This article was published as a part of the Data Science Blogathon.

In this article, we will try to predict the car sales demand given the train and test data. This problem was introduced as a JOBATHON competition on the Analytics Vidhya platform which ran from 22 April 2022 to 24 April 2022. The data that we used was available to only those who were registered in the competition and gave the MCQ test. MCQ test consists of 30 questions and each question had a timer of 1:30 minutes.

Demand forecasting is a field of predictive analytics which tries to use predictive analysis of historical data to understand and predict customer demand to optimize supply decisions.

In simple words, any product base company or business wants to know how much is the demand going to be for their product so that they can maintain the supply. To find or predict this demand historical data can be used. In the historical data, different variables can be provided related to the product. Using that information we can build a predictive model which will in turn predict the demand for a time window for the product.

PyCaret is an open-source, low-code machine learning library in Python that automates machine learning workflows. It is an end-to-end machine learning and model management tool that exponentially speeds up the experiment cycle and makes you more productive.

Source: https://pycaret.gitbook.io/docs/

Basically, pycaret is a python library that can help a data analyst do his/her task in less time and make them more productive.

pycaret is a wrapper library that uses available machine learning libraries and automates the whole machine learning pipeline and reduces the time for model building.

In this article, we will see the power of pycaret and analyze the results for Car Sales demand prediction.

ABC is a car rental company based out of Bangalore. It rents cars for both in and outstations at affordable prices. The users can rent different types of cars like Sedans, Hatchbacks, SUVs and MUVs, Minivans, and so on.

In recent times, the demand for cars is on the rise. As a result, the company would like to tackle the problem of supply and demand. The ultimate goal of the company is to strike the balance between supply and demand in order to meet user expectations. The company has collected the details of each rental. Based on the past data, the company would like to forecast the demand for car rentals on an hourly basis.

The main objective of the problem is to develop the machine learning approach to forecast the demand for car rentals on an hourly basis.

**Feature Information**

We are provided with three features **date**, **hour,** and **demand** in the dataset. There are no other variables.

**Gather information from the “date” feature**

Since there is no other information given that we can use for demand forecasting apart from “date”, we will collect possible information from the ‘date’ feature.

We Will capture ‘year’, ‘month’,’ ‘day’, ‘quarter’, ‘day_of_week'(dow) information from the ‘date’ feature.

df['date']=pd.to_datetime(df['date']) df['year']=df['date'].dt.year df['month']=df['date'].dt.month df['day']=df['date'].dt.day df['quarter']=df['date'].dt.quarter df['dow']=df['date'].dt.dayofweek

**Unique years in data**

There are years 2018, 2019, 2020, and 2021 present in the data. Since this is a Time Series Data we will not split it randomly for model building but We will keep 2021 data for testing and will use other years of data for training.

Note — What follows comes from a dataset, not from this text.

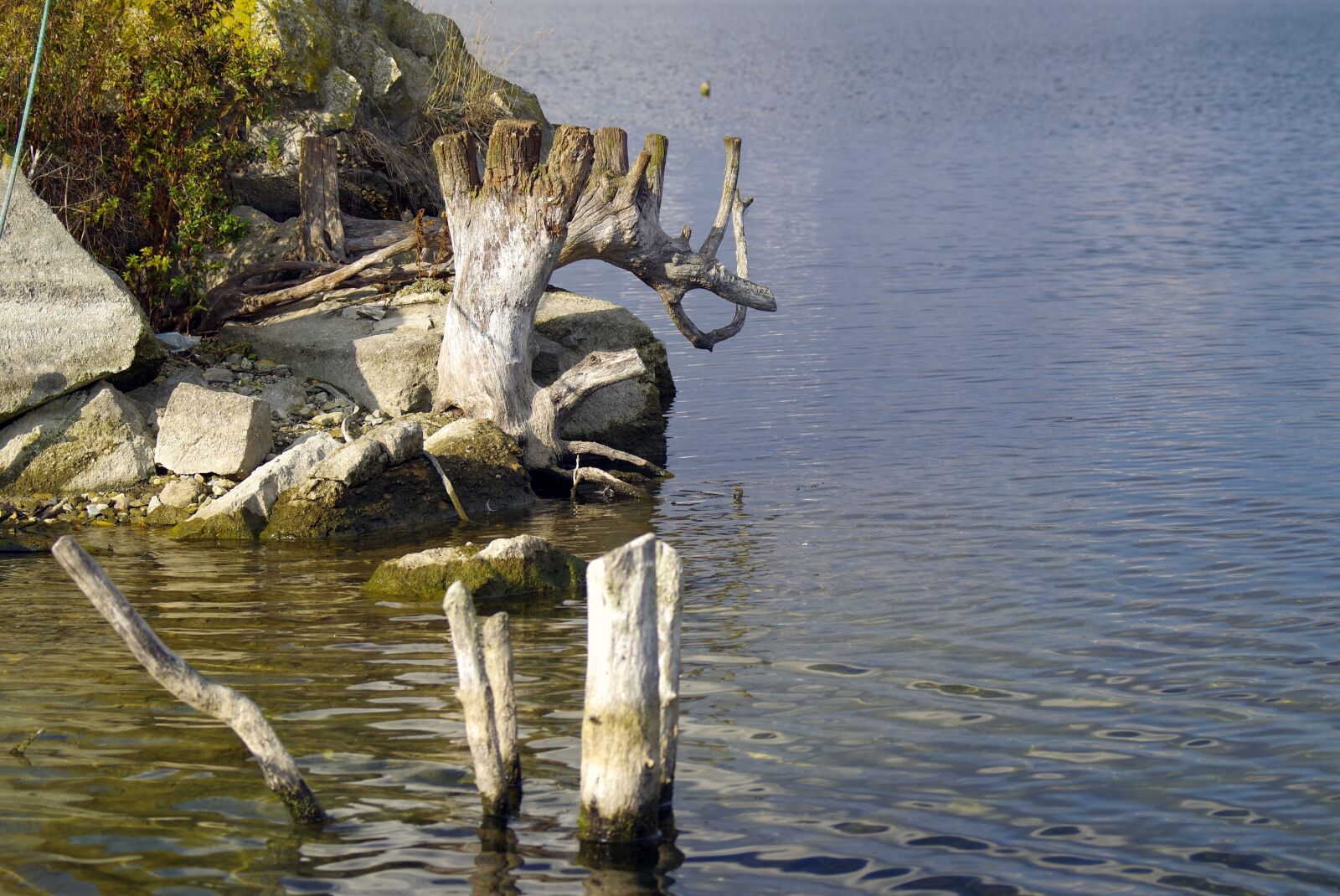 Pentax K-S2 sample photo. Water, dry trunk, tree photography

df_train=df[df['year']!=2021] df_test=df[df['year']==2021]

**Feature Correlation**

We can observe this in the figure above. There is no feature that has a good correlation with ‘demand’.

Now we will use “pycaret” for model building.

**Remove Unnecessary Features**

‘date’ and ‘year’ information is not required while building the model. Since it is a time-series data years and dates present in training data will not be available in test data hence it is of no use keeping them.

df_train.drop('year',axis=1,inplace=True) df_test.drop('year',axis=1,inplace=True) df_train.drop('date',axis=1,inplace=True) df_test.drop('date',axis=1,inplace=True)

**Setup Model **

Since ‘demand’ is a continuous variable we can say it is a regression problem. ‘pycaret’ requires setting the model, which is a step where we define the data and target variable.

from pycaret import regression model_setup=regression.setup(data=df_train,target='demand')

Once we set up that model, it will show you the data types it has inferred from the data. If you agree you can press ‘Enter’ and continue with the set up else using ‘categorical_features’ parameter we can mention the columns that we think are categorical.

For now, we will go ahead with the data types inferred by the pycaret.

**Compare Models**

Now, we will use the compare_models functionality of pycaret. This provides us with all available regression/ classification(in our case it is going to be regression models) models along with their performances.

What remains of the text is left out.